İran’ın ham petrol günlük üretim kapasitesi 4-4,5 milyon v/g civarındadır. Tarihsel olarak petrol sektörüne gerekli yatırımların yapılması durumunda bu kapasitesi 1-1,5 milyon v/g düzeyinde bir artış gösterebilir. İran’ın 2-2,5 milyon v/g düzeyinde bir ihracat kapasitesi bulunmaktadır ve üretim artışına paralel olarak ihracatı kapasitesinde de %50 düzeyinde bir  artış potansiyeli bulunmaktadır.

ABD’nin KOEP’ten ayrılması sonrasında uygulanmaya konulan yaptırımlar  İran’ın Çin’e yaptığı petrol ihracatında %10-15 düzeyinde iskonto uygulamasına neden olmuştur. İran ayrıca ödemelerin uzun vadelere yayılması hususunda da kolaylıklar sağlamaktadır.

İki ülke arasında 2021 Mart ayında imzalanan 25 Yıllık Stratejik Anlaşmada Çin’in enerji sektörüne yatırım yapacağı öngörülmektedir: Anlaşmaya göre Çin enerji sektörüne önümüzdeki 25 yılda  280 milyar ABD$ değerinde yatırım yapacağı anlaşılmaktadır. Bunun karşılığında varil başına iskonto oranının %30 civarında olacağı öngörülmektedir.

Amerika Girişimcilik Enstitüsü’nün (American Enterprise Institution-AEI) Küresel Çin Yatırımları Takibi bölümünde yer alan bilgilere göre  2005-2021 arası dönemde  üçüncü ülkelere yaptığı toplam yatırımların toplam safi değeri 2,2 trilyon doların üzerindedir. Bu dönemde İran’a 26,5 milyar doların üzerinde Çin yatırımı yapılmıştır. Grafik-1’de Çin’in 2005-2021 döneminde yaptığı 26,5 milyar dolar düzeyindeki yatırımlarının sektörel dağılımı gösterilmektedir. İran’daki Çin yatırımlarının büyük bir kısmının başta petrol olmak üzere, enerji sektörüne (%41,2) yoğunlaşmıştır. KYG ile doğrudan alakalı olan ulaşım alanındaki yatırımlar toplam yatırımların yüzde 25,7’sine tekabül etmektedir.

Grafik-1: Çin’in İran’daki Yatırımları: Sektörel Dağılımı  
Kaynak: Yazar tarafından American Enterprise Institute verileri kullanılarak hesaplanmıştır.

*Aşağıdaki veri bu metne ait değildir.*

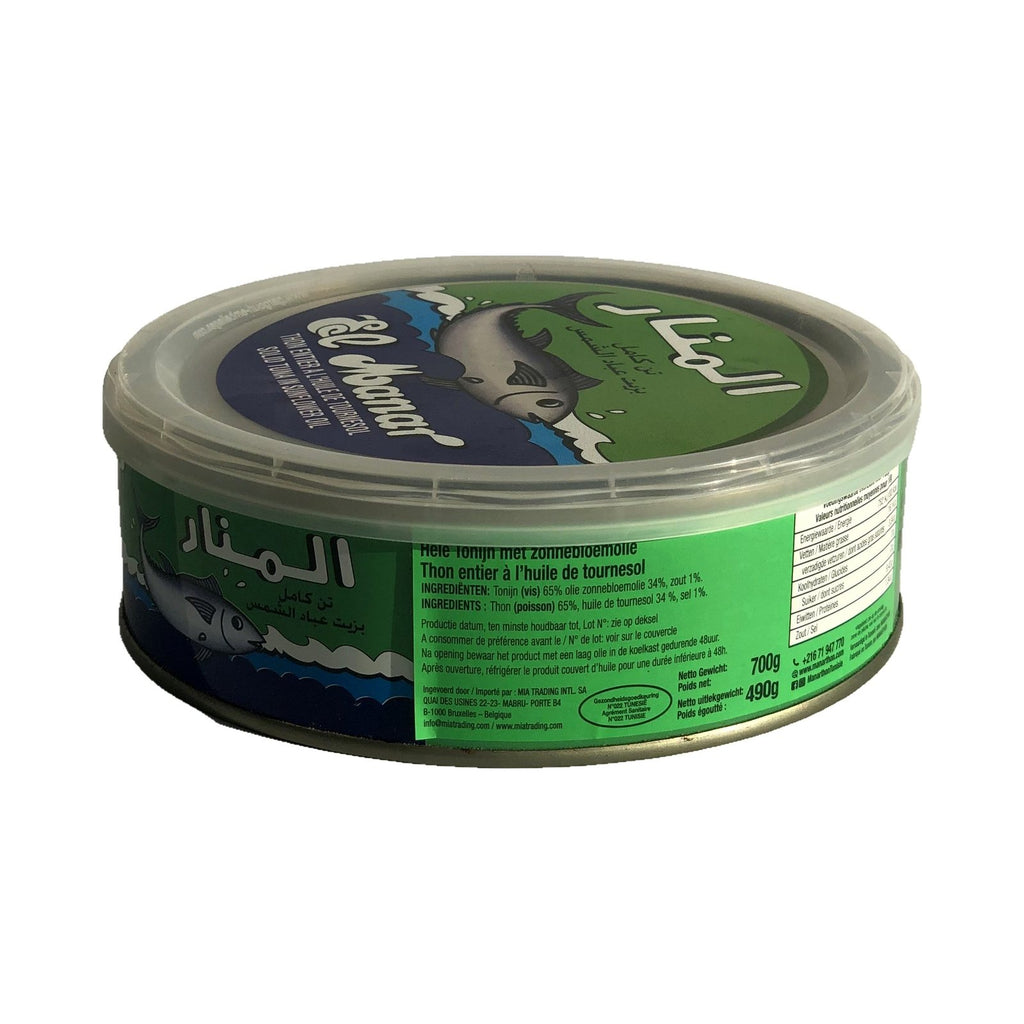 Thunfisch ganz in Sonnenblumenöl, El Manar, 700 g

Çin’in en önemli kırılganlığı olan enerji güvenliği gerek İran ve gerekse de diğer Körfez ülkeleri ile ikili ilişkileri geliştirme çabalarının en önemli unsurudur. Çin’in İran ile yakınlaşmasının gerek tedarik ve gerekse de fiyat risklerini azaltma potansiyeli bu bağlamda oldukça önem arz etmektedir.

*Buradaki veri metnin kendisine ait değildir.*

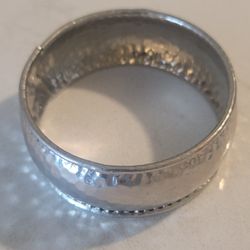 Silver Tone Bangle Bracelet Jewelry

ABD’nin yaptırımlarının da etkisi ile önümüzdeki yıllarda İran başta enerji olmak üzere Çin ile ilişkilerini  daha da  derinleştireceği ve bu ilişkilerin stratejik yönünün giderek ağırlık kazanacağı tahmin edilmektedir.

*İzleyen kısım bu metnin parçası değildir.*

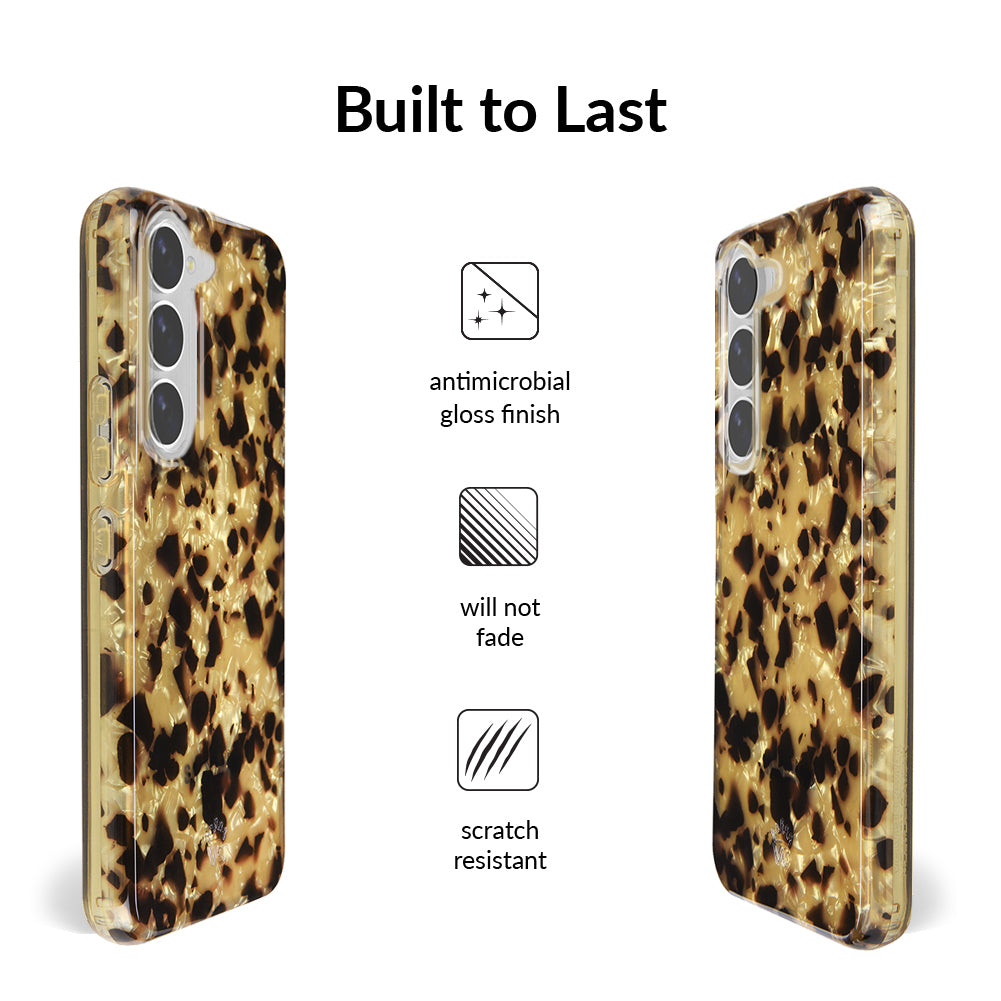 Samsung Galaxy Phone Case - Blonde Tortoise Shell Design - Protective & Stylish Cover for Everyday Use & Travel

Tablo-1: Çin’in Petrol Tüketim ve İthalatı(*) 
Çin  Dünya  Çin’in Payı (%)
Yıl Tüketim 

(Milyon v/g)

(A)

İthalat

(Milyon v/g)

(B)

Tüketimi

(Milyon v/g)

(C)

İthalat

(Milyon v/g)

(D)

Tüketim Payı  

E=A/C

İthalat  Payı  

F=B/D

2011 9,6 6,3 87,4 56,1 11,0 11,2
2012 10,1 6,7 88,5 56,7 11,4 11,8
2013 10,6 7,0 90,0 58,8 11,7 11,9
2014 11,0 7,4 90,6 59,3 12,2 12,5
2015 11,9 8,3 92,5 63,4 12,9 13,1
2016 12,3 9,2 94,2 71,2 13,1 12,9
2017 13,0 10,2 95,3 70,1 13,6 14,6
2018 13,6 11,0 97,5 70,4 14,0 15,7
2019 14,3 11,9 97,7 69,0 14,7 17,2
2020 14,4 12,9 88,7 64,9 16,2 19,9
2021 15,4 12,7 94,1 67,0 16,4 19,0
Kaynak: BP https://www.bp.com/en/global/corporate/energy-economics/statistical-review-of-world-energy/oil-demand.html

(*) v/g: ortalama gün başına (g) varil (v) miktarı.